Sky Knife turned and ran into someone. He yelped and dropped his makeshift torch.

“What took you so long, boy?” asked the tremulous voice of Death Smoke. “Did you find Blood House?”

“Yes,” whispered Sky Knife. He stepped away from the older man. “Dead. He's dead.” Sky Knife's voice cracked with emotion.

“What?” shouted Death Smoke. “That can't be—the ceremony went perfectly. There's no room here for bad luck.” He shoved Sky Knife aside and mumbled the fire-calling incantation. Flames spouted into existence above Death Smoke's head, filling the vaulted ceiling, and illuminating the entire room and Blood House's quarters with a brilliant blue light.

The blue drapery to the outdoors was swept aside and Stone Jaguar strode in, his jaguar skin cloak still in place. “What's going on?” demanded Stone Jaguar. His searching gaze swept past Sky Knife, dismissing him. “Death Smoke? Claw Skull went ahead and kindled the new fire. It would have been unlucky to wait any longer. Where's Blood House?”

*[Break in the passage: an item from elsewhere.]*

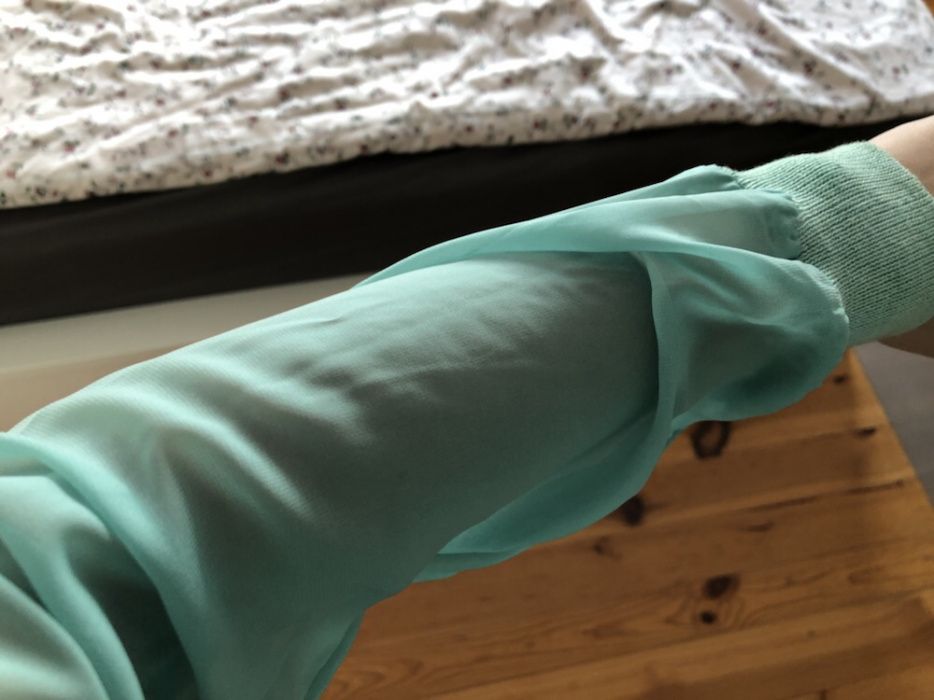 Sweter
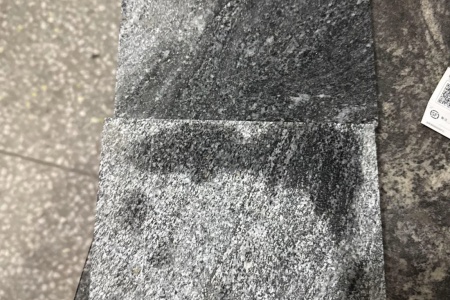 浪淘沙夜里雪浪涛沙幻彩麻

“In here,” called Death Smoke. “It would seem that the ceremony didn't go as well as we thought. Yellow Chin has been here.”

Stone Jaguar's face wrinkled in a terrible frown and his face purpled in rage. Sky Knife backed up, unwilling to call attention to himself while Stone Jaguar was so angry.

“Yellow Chin?” said Stone Jaguar. “The
Bolon ti ku
take the Yellow One and cast him into the lowest hell,” he hissed. “Itzamna!”

Sky Knife's gut twisted painfully as part of the import of Stone Jaguar's words hit him.
Yellow
—the color of death, the color of evil. Of course it had been Yellow Chin who had come to do the bidding of Cizin, the Yellow One. Cizin wasn't content to merely gloat over this death; he revelled in it. And had shoved the noses of the priests in it for good measure.

Angry as Stone Jaguar was, he needed to know what Sky Knife had seen. “The Yellow One,” Sky Knife said softly. “He was here.”

“Of course he was,” snapped Stone Jaguar. “He has taken Blood House.”

Sky Knife fought the urge to run out into the night, away from the priest's anger, away from the bad luck that undoubtedly clung to this entire building.

“No,” said Sky Knife. He straightened his shoulders and spoke firmly. “He was on the temple. After the sacrifice. I saw him. Actually, I heard him first. He sneezed.”

“Can't stand the smell of tobacco,” cackled Death Smoke from the other room. “Thought I heard sneezing, too, but I didn't see anything.”

“He was
on the temple?
” roared Stone Jaguar. “Has our luck deserted us completely? Cizin
here,
and only an attendant with a bad luck name saw him?”

Sky Knife lowered his gaze and dropped to his knees before Stone Jaguar. He knew his name was bad luck, even if his mother said she'd received instructions in a vision to name her child after the Knife of Stars that swung in a slow circle overhead during the year. Still, Sky Knife thought his work in the temple, his efforts to please the gods, merited him luck. To hear Stone Jaguar as much as blame him for Cizin's presence rocked him.